Jean wouldn’t learn the new software, so we had to print out her reports instead of just posting them as usual. Rick doesn’t take care of his car or try to learn how, so he drops by on weekends to get me to show him what to do. There goes my weekend.

When my Army Sergeant caught me slacking off one day during infantry combat training exercises, he called me aside. He said, “You’re going to get other people killed! When you don’t develop the skills and confidence to do your job, others have to compensate for your weakness, and worse yet, you won’t have the strength to be there for them when they need you!” I grew up a bit that day and have remembered that lesson over all these years.

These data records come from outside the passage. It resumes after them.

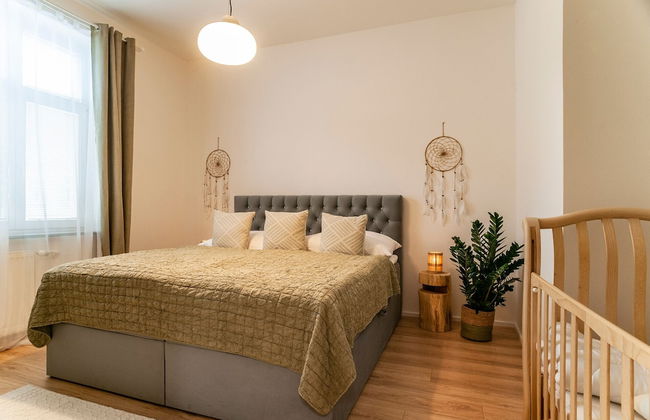 STING Boutique Apartments - Foto 10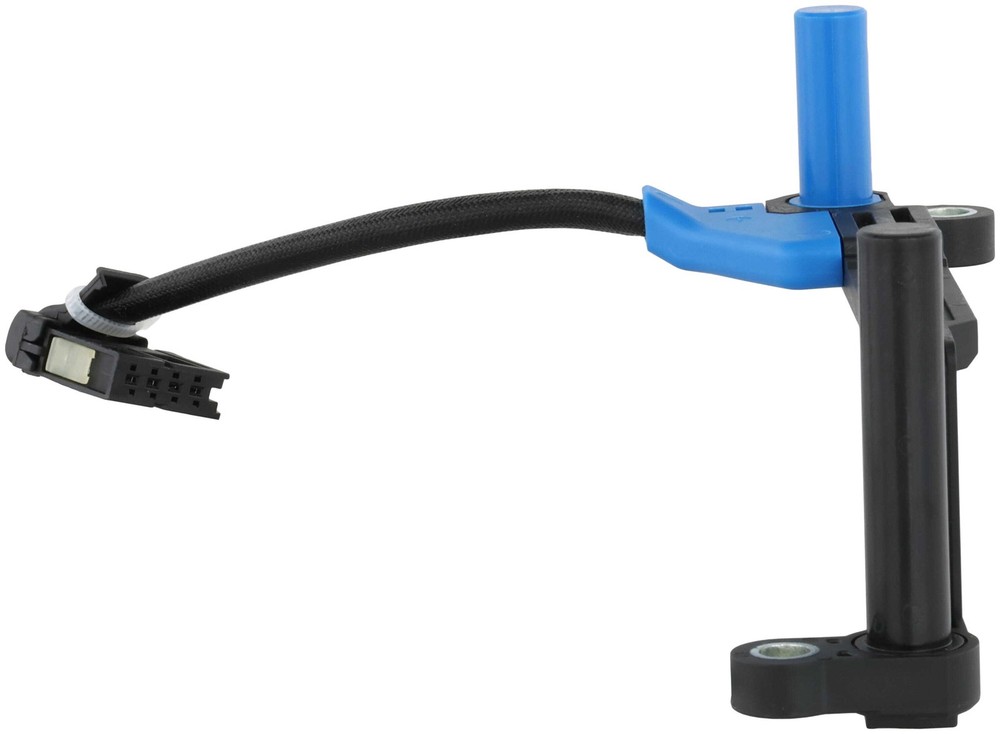 For 2016-2020 Kia Optima - Vehicle Speed Sensor Delphi 2.4L L4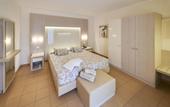 Туры в отель Riva Marina Resort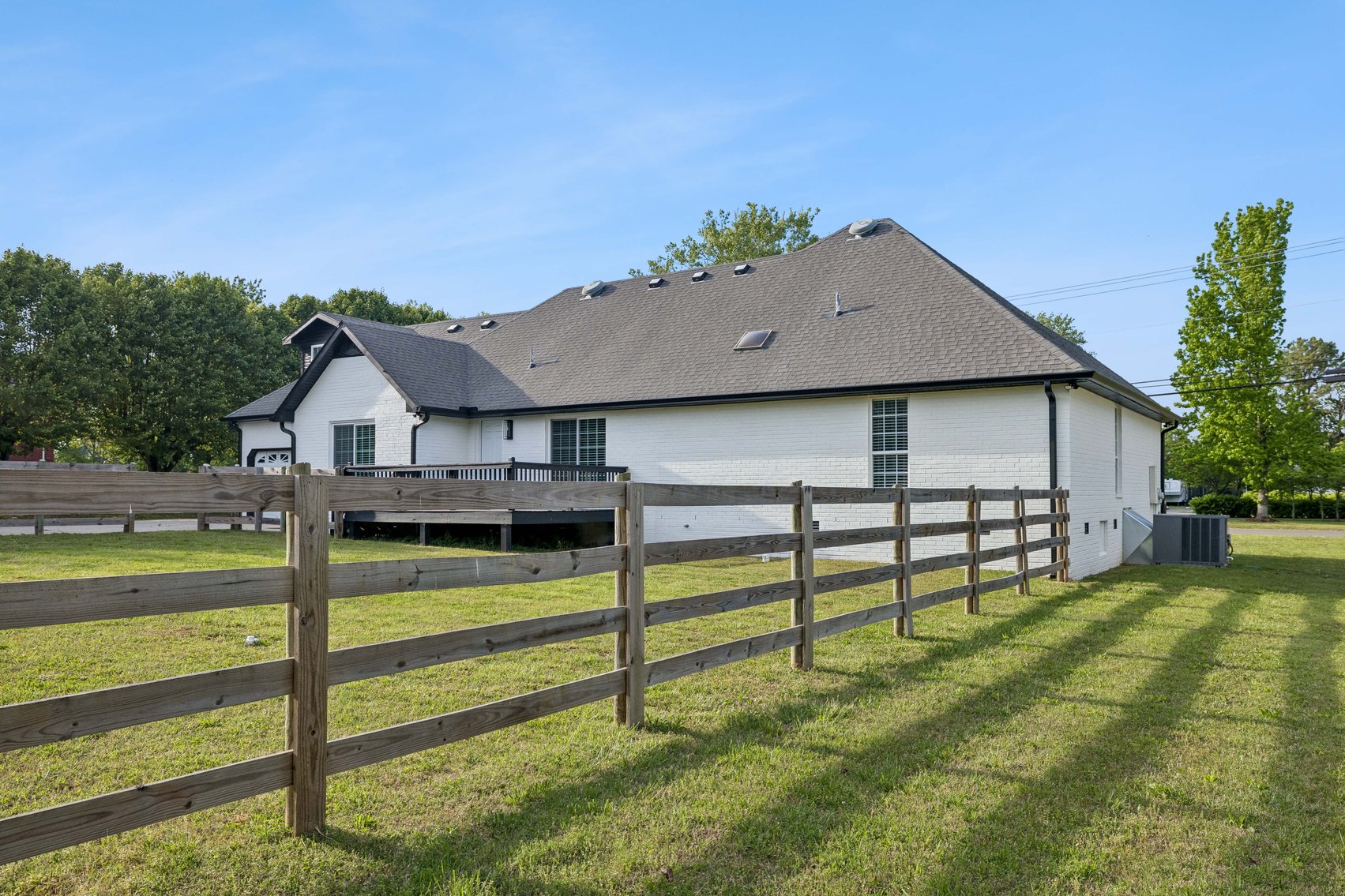 Image for 2891 Sulphur Springs Road, Murfreesboro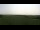 Webcam in Kap Arkona, 12.2 km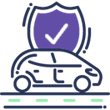 Icon5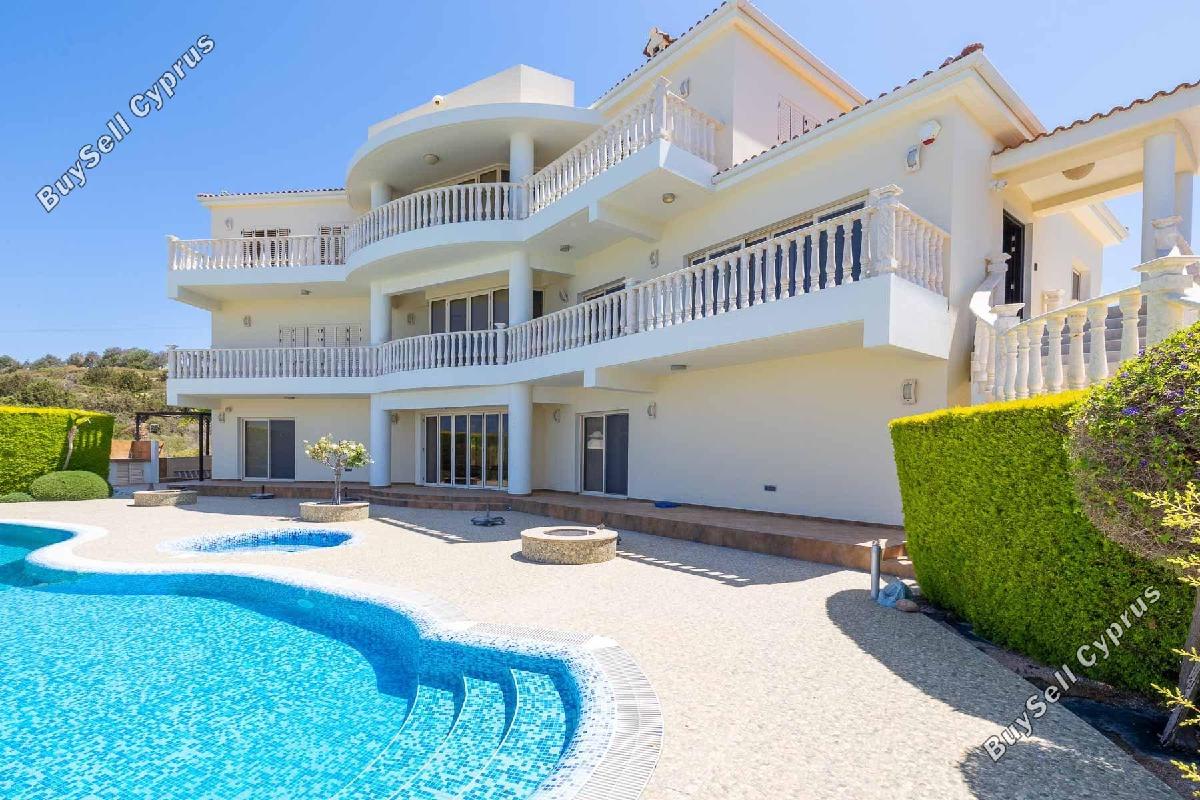 5 bedroom detached house off market saint george peyia paphos 1817705 image 6498862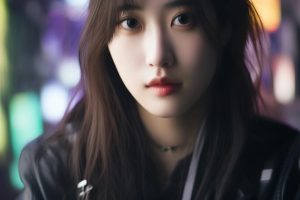 抖音音乐人新手怎么涨粉_抖音音乐人如何涨粉？缩略图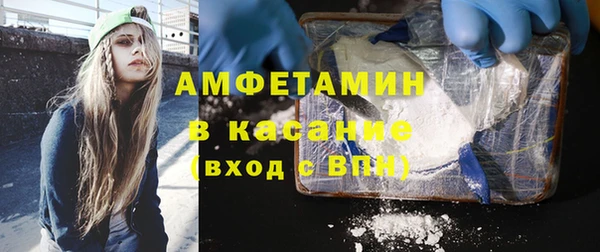 мет Арсеньев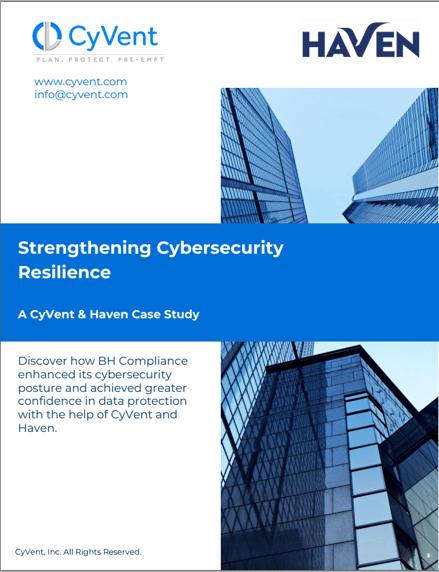 BhCompliance Casestudy Cover
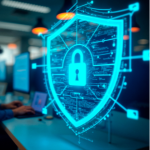 Cybersecurity Services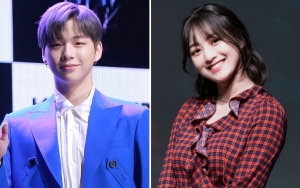 Teman Dekat Bocorkan Sikap Kang Daniel Sejak Pacaran, Komentar Lama Jihyo Kembali Dibahas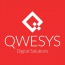 Qwesys Digital Solutions
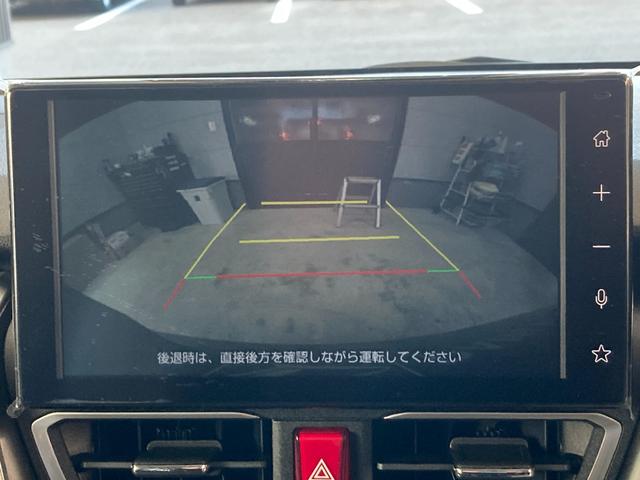 ムーヴ Ｇ　９型純正ディスプレーオーディオ　カープレイ対応　フルセグ　バックカメラ　ＬＥＤヘッドライト　両側スライド片側電動スライドドア　スマートキー　衝突被害軽減ブレーキ　オートエアコン　ステアリングスイッチ（24枚目）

If the receptionist or operator doesn’t really know the company, then they have to take someone else away from their duties in order to guide a caller or guest. If you don’t mow your lawn and keep your home looking nice, then the whole neighborhood is less appealing, not just your place. When a child doesn’t learn to become a productive wage earner, they remain dependent on others even into adulthood.

Dependency is robbery.

You take someone else away from what they would otherwise do in order to take care of you. This is why Self-Reliance is the Holy Grail for an organization’s success. If you don’t take care of YOU, then you can’t take care of me if I need you, and I have to stop what I’m doing to take care of you! Needy people take away two or more producers from other endeavors.

In society, the more people who are on government assistance programs, the higher taxes must be on the self-reliant producers. They are getting less of a reward for their hard work and willingness to do their part and deal with risks and difficulties. Meanwhile, the dependents are getting by without difficulty or hard work. They avoid pain by forcing someone else to fill their void. This can only persist for a limited time. As they say, “Sooner or later you will run out of other people’s money.”

On the job you need to bring strength 

For sales people what this means is: you must learn to generate your own prospects, find your own leads, learn from others so you can devise your own creative ways of appealing to people who are otherwise, “not interested.” It also means that you must learn to become your own sales manager and not wait for someone to train you, motivate you or remind you to keep accurate and current records. Your sales reports aren’t just yours. They are also the vital pieces of information that others could use for planning, budgeting, resource allocation and policymaking.

When someone asks what a salesperson’s job is, tell them, “First it is to follow directions eagerly, then it is to develop work habits and knowledge that will allow them to be good decision makers and effective workers. All of this is for the purpose of serving people well while earning a profit for our company.” They aren’t just paid to “make sales”. They’re paid to help build the business by creating and nurturing profitable new business friendships. Business is built upon relationships that are productive and a primary operating assumption is that each person will bring value to the operation.

In my own business, our mission statement is this: “We exist to make life better for people, profitably.” No profit means the business can’t endure. Profit is honorable and vital for the survival of the organization. We must become self-reliant financially in order to stay in business and to serve our customers and coworkers.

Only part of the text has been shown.